December 9, 2017

Happy Fezmas (or Getting started with Fez)

Fez has always had an affinity with Father Christmas (some call him Santa this is obviously not correct). Why I hear you ask? Well one of them wears a red hat and one of them is a red hat. They are very close. Hence this blog post is coming incredibly easy for me (Karl) and not at all something I just I forced myself to write whilst jet-lagging.

You may by now assume that fez isn’t just a hat from the Moroccan city of the same name. Not at all. Fez is also an F# to (core) erlang compiler! In short fez takes F# code (or rather a subset of F# code) and translates it to core erlang then compiles it to beam using the standard erlang (erlc) compiler. Some people may refer to this as “transpiling” - I am on the other hand pretty sure that is not a word or at least not a word with a clear definition so will never use it.

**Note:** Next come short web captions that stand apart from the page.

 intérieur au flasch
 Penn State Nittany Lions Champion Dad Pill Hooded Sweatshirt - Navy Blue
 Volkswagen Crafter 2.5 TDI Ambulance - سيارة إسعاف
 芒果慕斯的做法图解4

This blog will guide you through getting started with fez ( the version available at the time of writing is 0.1.0-alpha.2).

Fezzing up

To get started download the latest version available for your platform on the github releases page. Unzip the release and optionally add the directory to you PATH. All commands in this entry assumes the fez release was downloaded to the same directory as our project.

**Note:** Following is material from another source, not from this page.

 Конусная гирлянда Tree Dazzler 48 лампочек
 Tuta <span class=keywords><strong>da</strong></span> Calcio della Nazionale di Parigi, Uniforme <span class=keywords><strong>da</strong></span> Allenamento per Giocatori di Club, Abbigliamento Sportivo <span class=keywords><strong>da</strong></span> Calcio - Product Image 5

Create a directory called fezmaz and unzip the release into the same folder. Inside the release directory (which is osx-x64 for me - replace as required) there should be a fez or fez.exe binary. This is fez. Say hi fez. Run:

./osx-x64/fez help

To see the list of currently available commands:


USAGE:
    fez init
        Creates a dotnet core 2.0.0 fsharp project file in the current directory
        with a reference to the Fez.Core library. Requires dotnet to be installed
        and available in PATH.

    fez compile <options> <files>
        Compiles fsharp files to core erlang and beam.

        OPTIONS:
            -o | --output       set output directory
            --nobeam            do not compile core files to beam

    fez erl <args>
        Launches the erlang shell with the appropriate search paths set.

    fez help
        Shows this text.

First we are going to initialize the current directory with fez init. This step requires dotnet core to be installed and available.

./osx-x64/fez init

This step is optional as fez does not actually require .NET core to compile code. This step is only so that existing editor tooling (vim, emacs, ionide) works better with the fez dependencies.

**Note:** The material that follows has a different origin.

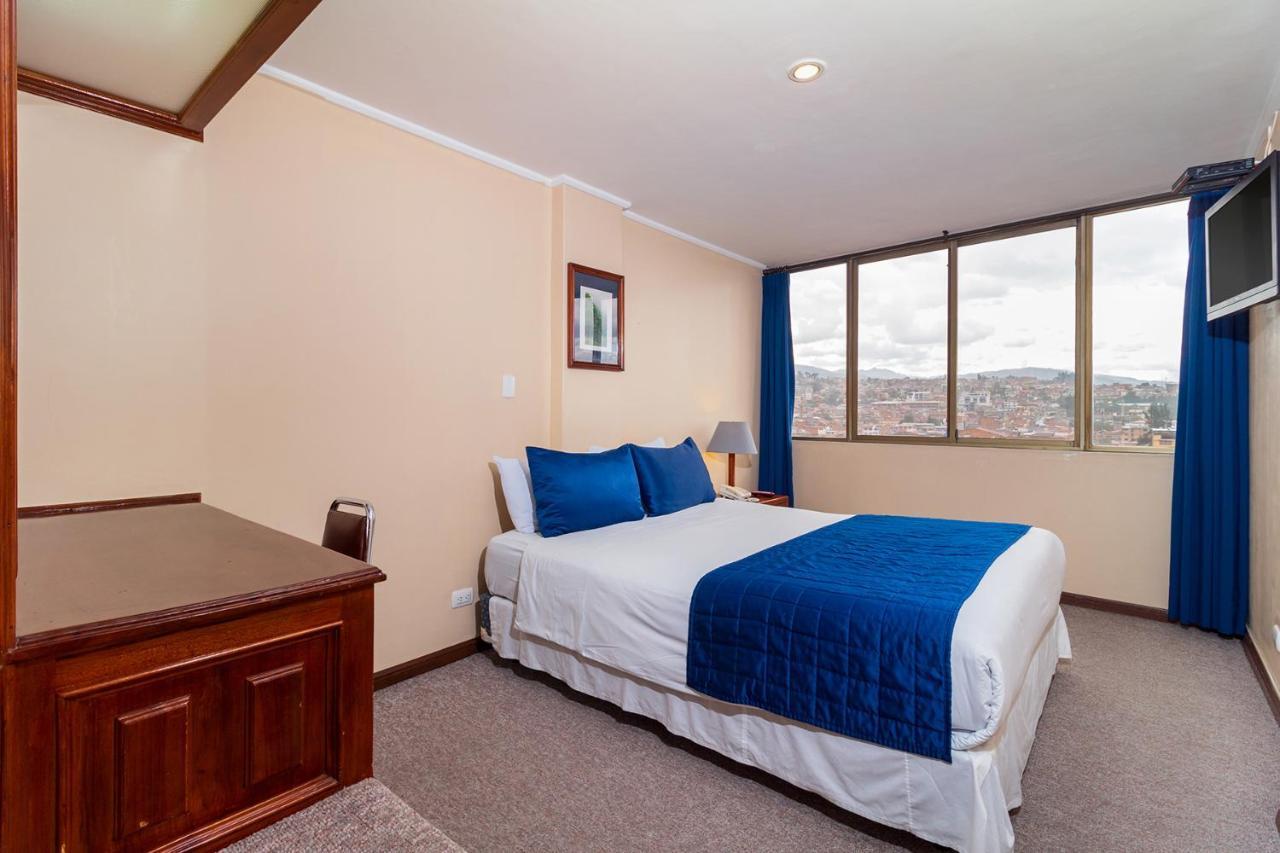 Hotel Presidente Cuenca Luaran gambar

Now we should have an fezmaz.fsproj and code.fs in our current directory. Open up the code.fs file in your favourite editor.

Type the following code in:

module xmas
open Fez.Core


let greet who =
    printf "Hi %s" who

Compile it using:

./osx-x64/fez compile code.fs

Then run

./osx-x64/fez erl

To start an erlang shell with the appropriate fez search paths in place. You should be greeted wilike the following:

Erlang/OTP 20 [erts-9.1.5] [source] [64-bit] [smp:8:8] [ds:8:8:10] [async-threads:10] [hipe] [kernel-poll:false] [dtrace]

Eshell V9.1.5  (abort with ^G)
2>

We can now call our greet function using erlang syntax:

1> xmas:greet("Fez").
Hi Fez
ok
2>

And there that’s it. A simple, sequential Hello World done effectively. Which isn’t very interesting.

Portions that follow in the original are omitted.